Le formidable accueil réservé (notamment chez nous) à Akene, la dernière réalisation du chanteur, a incité certainement Gontard à changer de braquet et à voir, avec 2032, beaucoup loin et plus vaste, transformant la poésie sociale qui faisait le charme de 2029 en une ambitieuse odyssée sociale et critique… intergalactique. A l’échelle de la chanson française, on doit avouer que le pari est osé et méritait d’être tenté. Le « récit » (puisqu’il s’agit bien de ça) démarre à l’aube de l’année 2032 dans une France abîmée par la surtechnologie, le contrôle social (sexuel et culturel) et le libéralisme porté par la classe dominante. Toute ressemblance avec l’actualité ne serait pas fortuite : Gontard n’est jamais aussi bon que lorsqu’il ouvre et nous ouvre les yeux. Son engagement est impeccable et ses intuitions/intentions toujours inspirées et précieuses. Les premiers titres sont incisifs et sans concessions, décrivant avec minutie et imagination une France devenue invivable mais au sein de laquelle s’organise peu à peu une résistance subversive et qui défend la culture à l’ancienne. Ce qui restera de nous est magnifique, ample et martiale, émouvante dans un final qui réduit l’humanité sensible à de gigantesques séances de karaoké. La Bande à Guetno lui embraye le pas, phagocytant avec un peu moins de force l’enveloppe de l’excellente bande à Guetno introduite sur le précédent disque. On aurait aimé ici que Gontard reprenne ses personnages de loubards 3.0 qui nous rappelaient les petites frappes de Renaud mais il ne va pas au bout de son traitement. 2032 enchaîne les exposés narratifs (le moins convaincant La Nuit disparue) et les morceaux de bravoure héroïques ou sentimentaux à l’image de la splendide Juste Quelques Flocons Qui Tombent, l’une des plus belles chansons du disque, qui nous plonge dans une mélancolie profonde et convoque des images superbes, ou encore de la soyeuse balade Expérience en Cours qui va servir de transition habile vers… le départ de la Terre.

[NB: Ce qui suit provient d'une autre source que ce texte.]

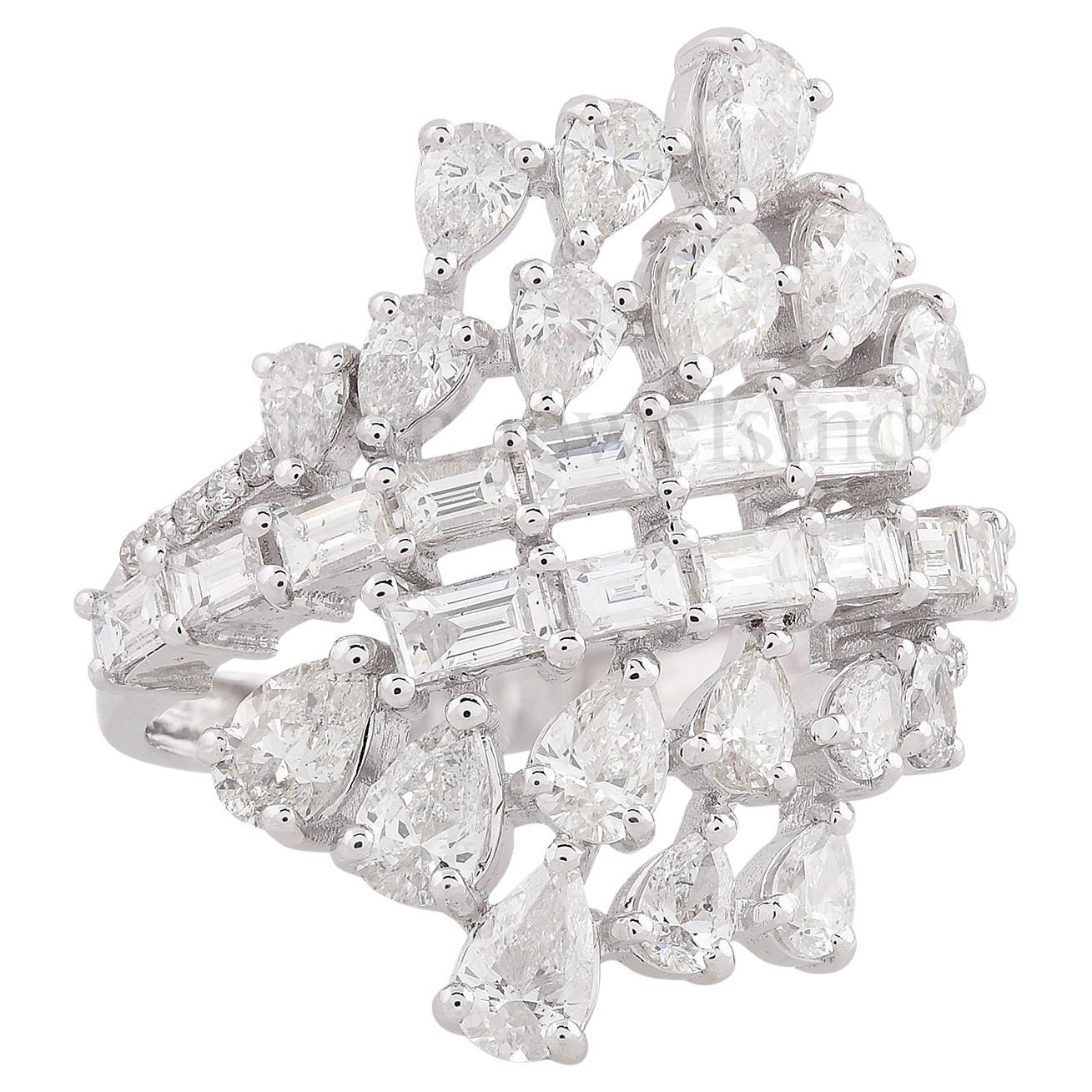 Anello con diamante naturale a forma di pera da 2,72 carati SI/H Baguette in oro bianco 18 carati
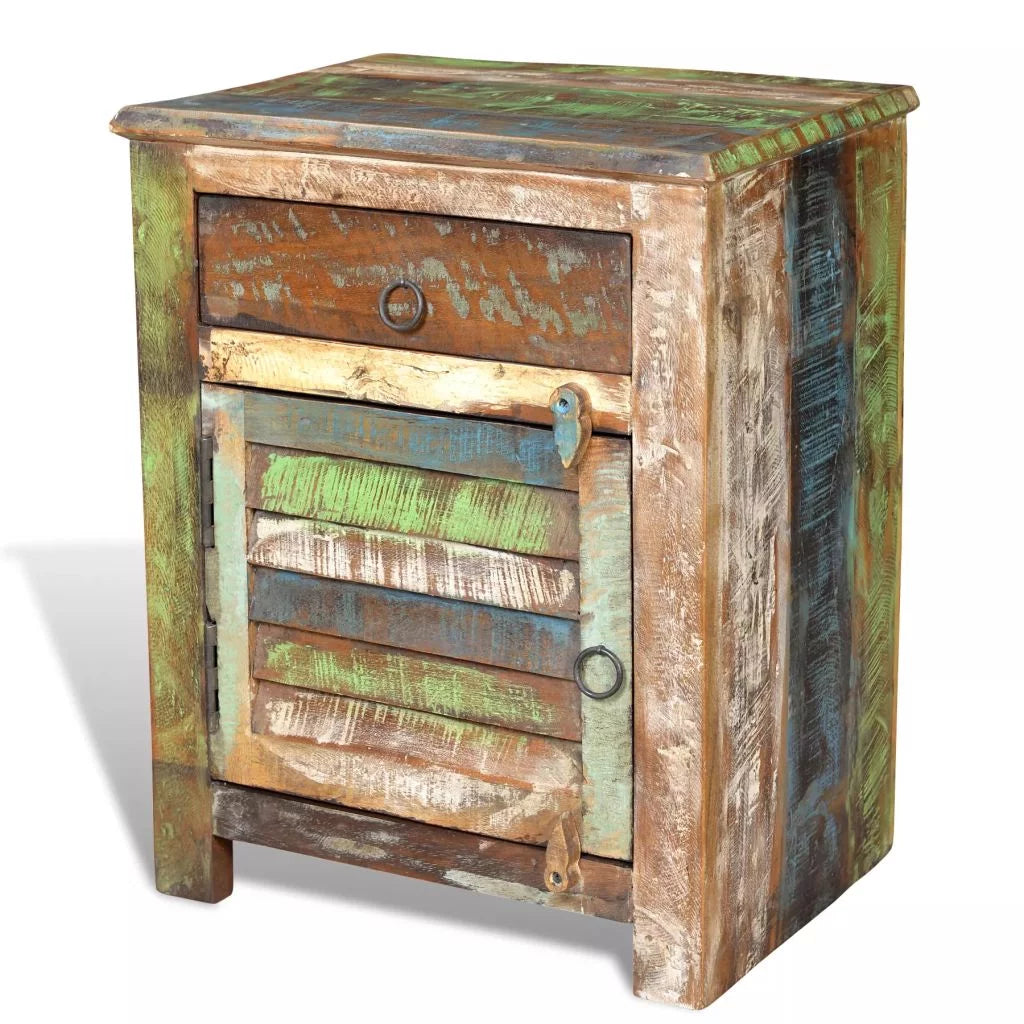End Table with 1 Drawer 1 Door Reclaimed Wood T789623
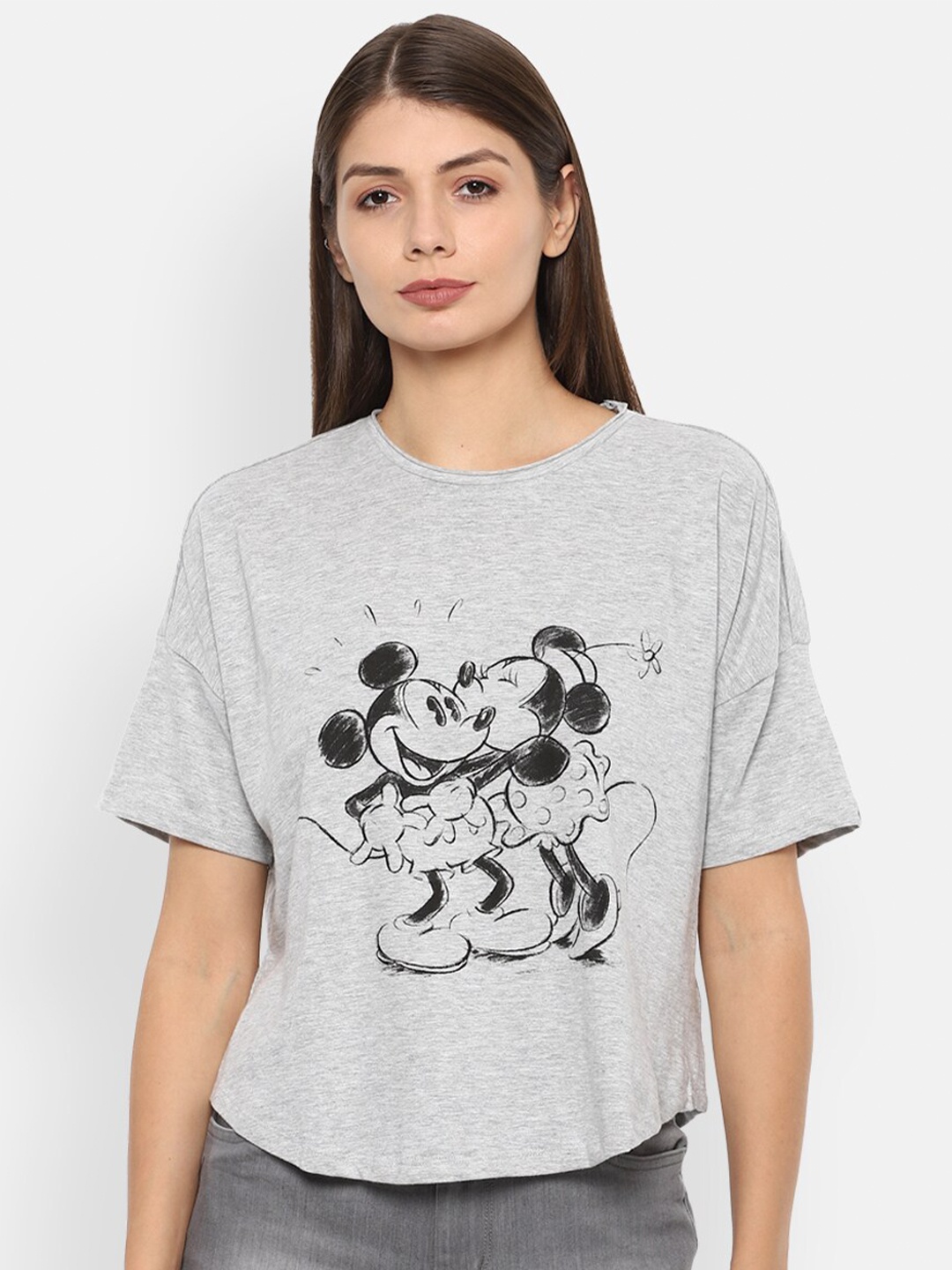

Van Heusen Woman Women Grey Mickey & Minnie Printed Cotton T-shirt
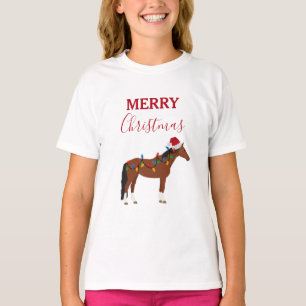 T-shirt Cheval de Noël Santa Chapeau Noël Lumières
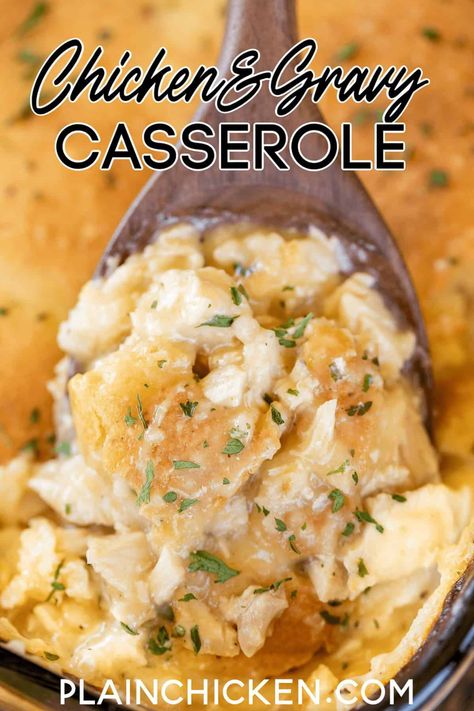 Chicken & Gravy Casserole - comfort food at its best! So simple and tastes AMAZING! Chicken, gravy mix, chicken broth, cream of chicken soup, flour, butter, buttermilk, and pepper. Can add frozen mixed vegetables to the casserole. Ready to eat in 30 minutes! This is definitely going in the dinner rotation! #chicken #casserole #comfortfood #rotisseriechicken Chicken Gravy Mix, Plain Chicken Recipe, Chicken Cobbler, Frozen Mixed Vegetables, Gravy Casserole, Chicken And Gravy, Chicken Casserole Easy, Amazing Chicken, Dinner Rotation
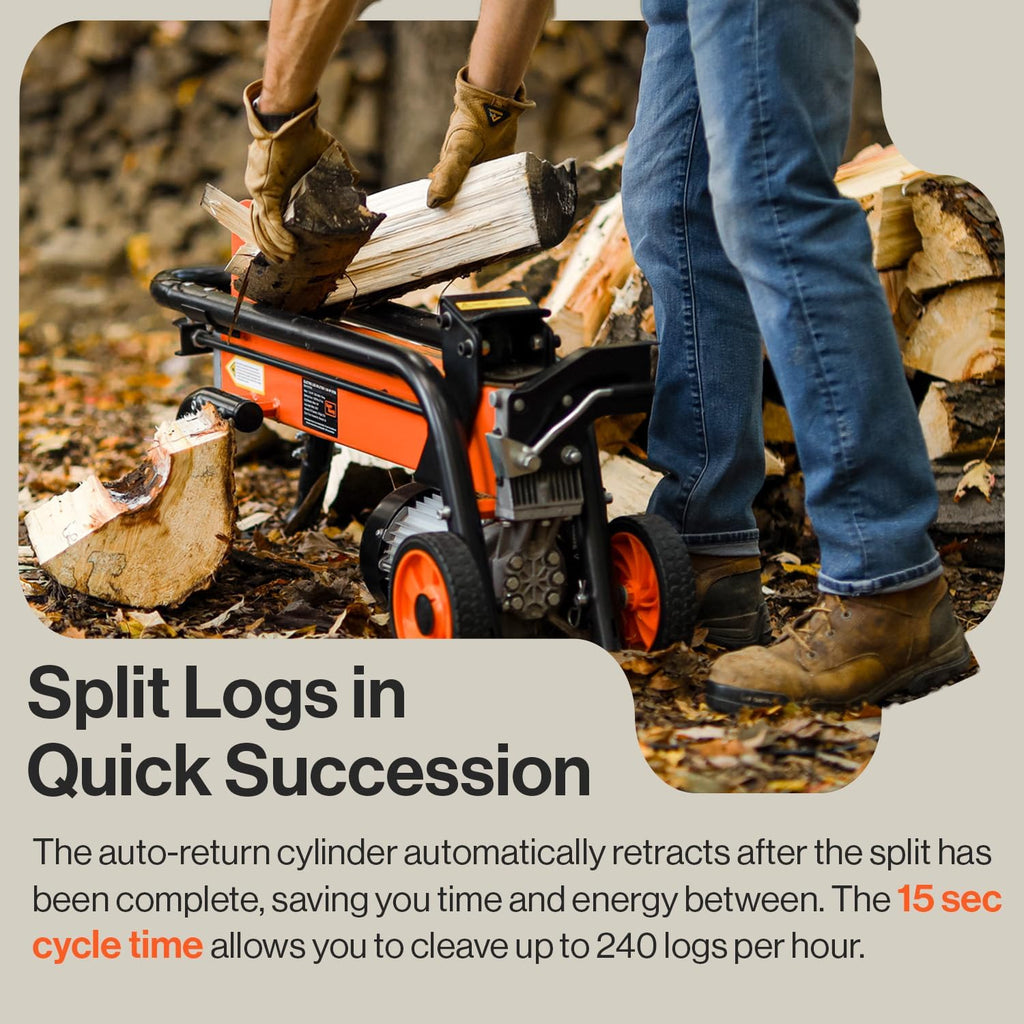 Electric Log Splitter 6 Ton Portable Horizontal A7k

Car à partir de la chanson n°6, Gontard accélère le pas et envoie son couple de héros dans l’espace à la recherche d’un monde meilleur. La Terre doit être abandonnée pour que l’humanité retrouve ses valeurs. Allonsanfan expédie un peu vite l’appel des étoiles et y ajoute, de manière un peu trop brutale, le détour par une colonie du Nord qui serait le dernier espoir d’une liberté déjà mise à mal sur le nouveau satellite. Si la science-fiction nous est familière, l’album-concept progresse un peu trop vite et s’emmêle parfois les fils narratifs. Heureusement pour nous, les chansons prennent le pas et résonnent une à une comme des vignettes quasi magiques. Seul le croque-mort a pleuré est excellente, rythmée et presque entraînante portée par un synthé/orgue rieur, plein de vie et d’énergie, elle célèbre le départ héroïque vers le farwest galactique en mêlant musique populaire et électro. L’espoir renaît sur le magnifique Bienvenue qui décrit la nouvelle société avec enthousiasme avec une simple rythmique répétée. Les arrangements renvoient de la détermination et reflètent la force du destin. Les compositions sont solides et nettes. La fantaisie suit son cours avec le virtuose Krishna 2032 marqué par une ligne de basse structurante, des chœurs et une puissance d’évocation digne des grands récits romanesques. On rit, on baise, on pleure, prêts à explorer avec Gontard la nouvelle civilisation.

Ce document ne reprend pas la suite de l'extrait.